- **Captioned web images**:
========================================================================
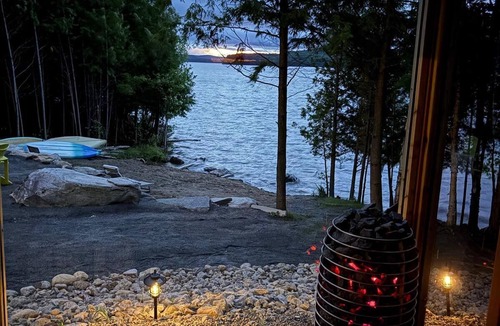 Madawaska Valley Cottage | Luxury Lakefront Cottage | Hot Tub, Sauna & Private Beach | Sleeps 12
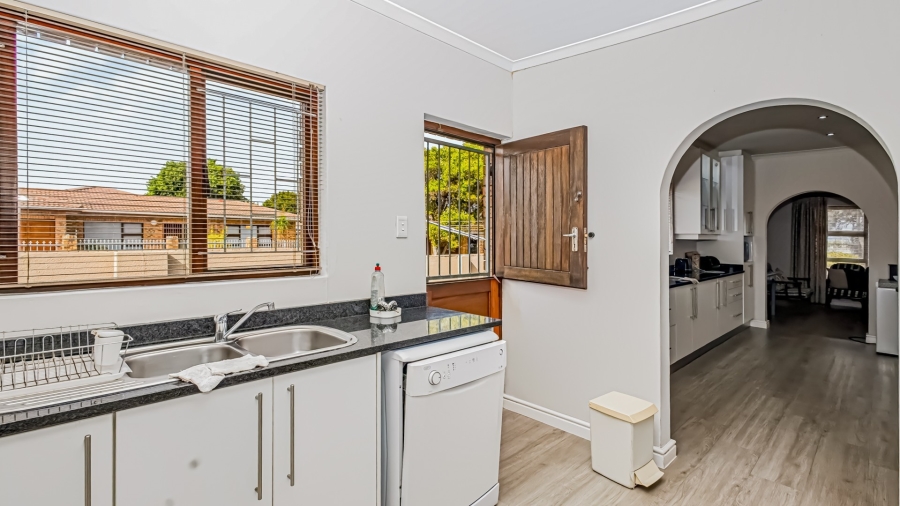 3 Bedroom Property for Sale in Monte Vista Western Cape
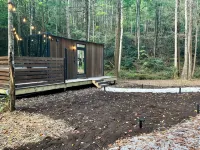 “Glass House2 - Modern Mirror Home w/ Hot-tub - 4 tähden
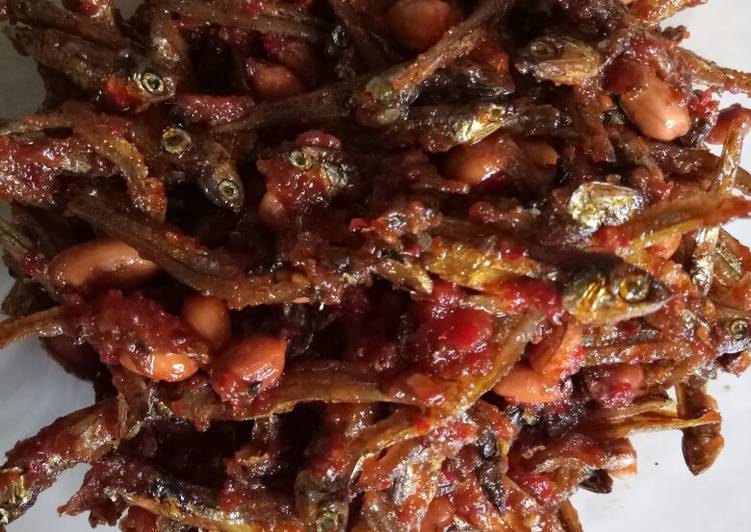 Resep Balado teri kacang pedas manis | Cara Membuat Balado teri kacang pedas manis Yang Lezat Sekali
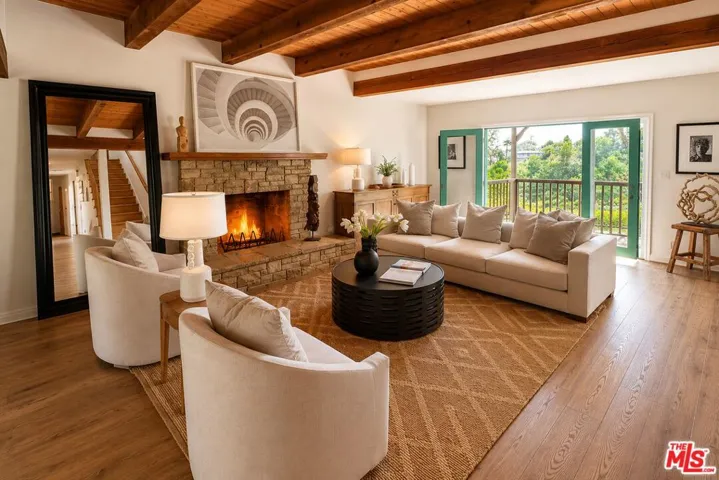 1030 N Kenter Avenue, Los Angeles, California 90049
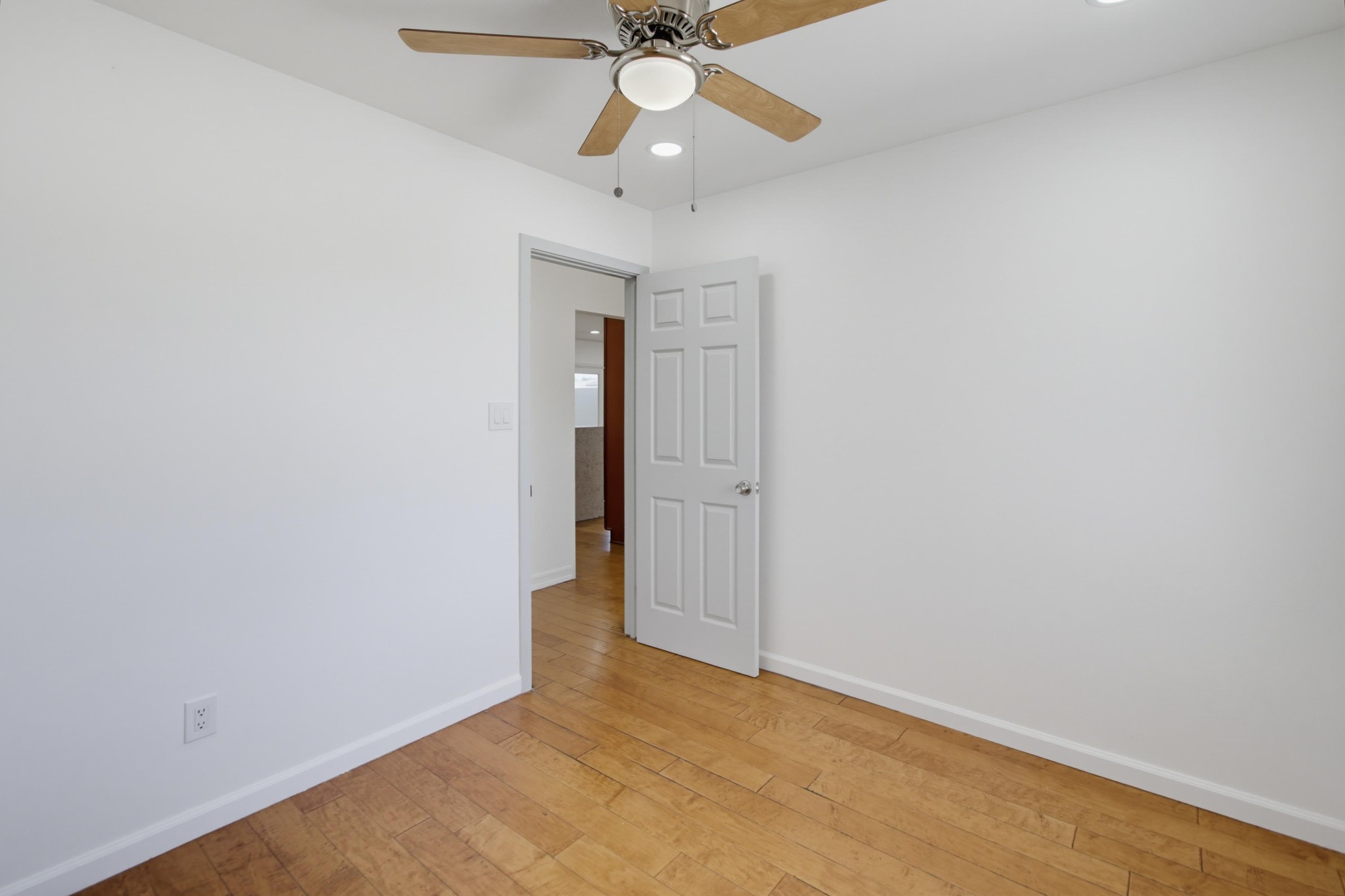 Virtual tour photo 18 of 38 for 902 Taft Ave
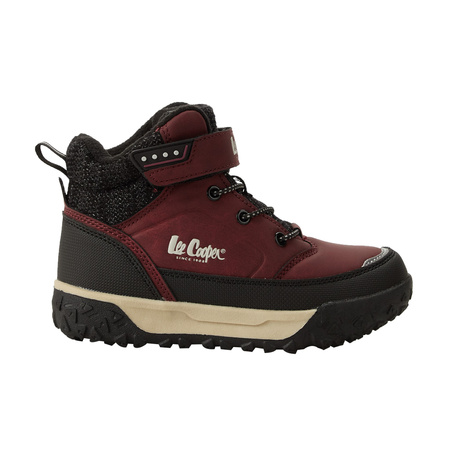 Lee Cooper ist ein burgunderroter Sportler, der sich für Flugzeuge entschieden hat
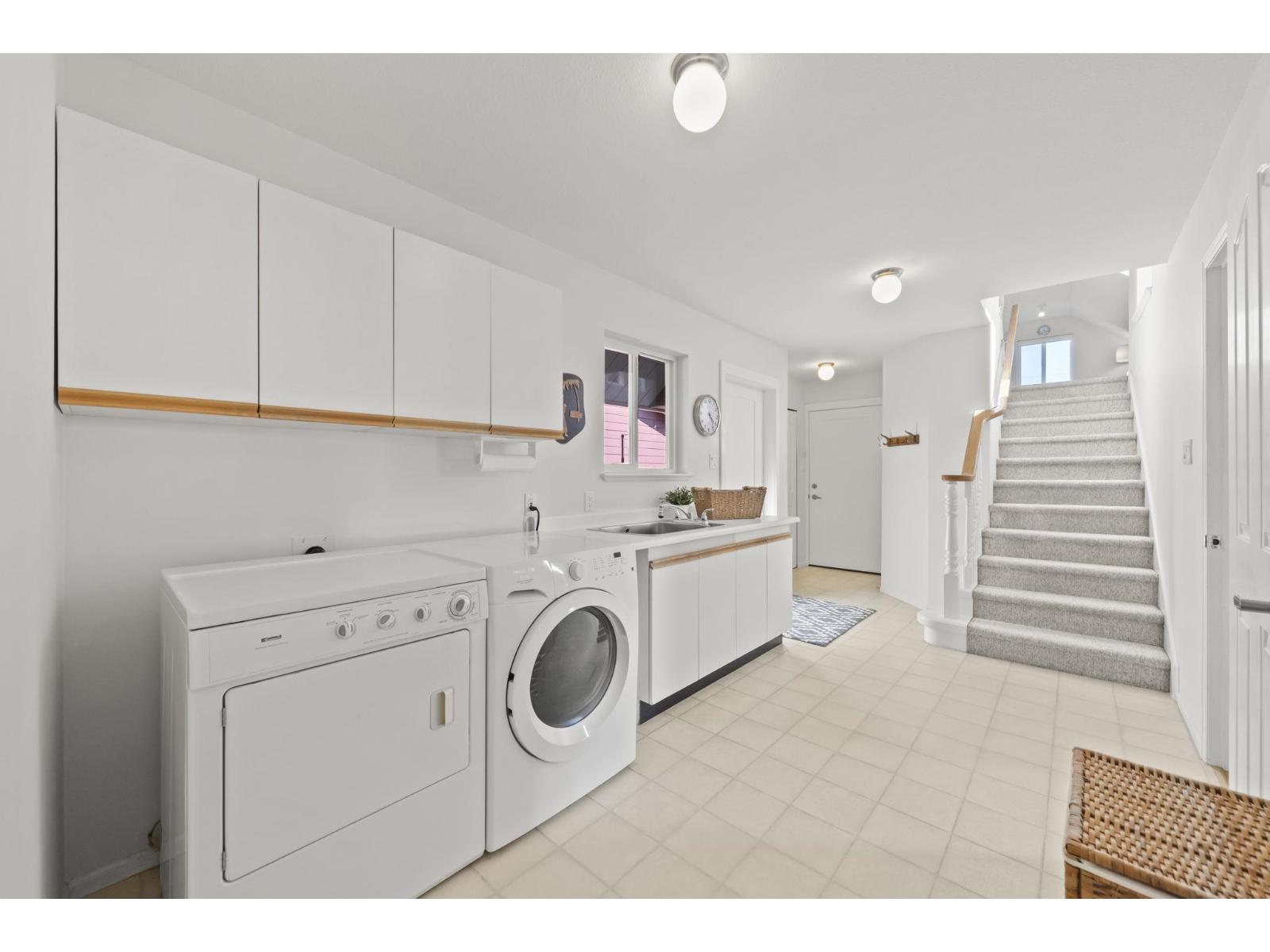 13473 14 Avenue Property Photo 18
========================================================================
- **Goal of the exercise**: Give back exactly, and only, the lines from the one holding "3 Bedroom Property" through the last line of the entries, with every picture omitted.

- **Exercise response**:
 3 Bedroom Property for Sale in Monte Vista Western Cape
 “Glass House2 - Modern Mirror Home w/ Hot-tub - 4 tähden
 Resep Balado teri kacang pedas manis | Cara Membuat Balado teri kacang pedas manis Yang Lezat Sekali
 1030 N Kenter Avenue, Los Angeles, California 90049
 Virtual tour photo 18 of 38 for 902 Taft Ave
 Lee Cooper ist ein burgunderroter Sportler, der sich für Flugzeuge entschieden hat
 13473 14 Avenue Property Photo 18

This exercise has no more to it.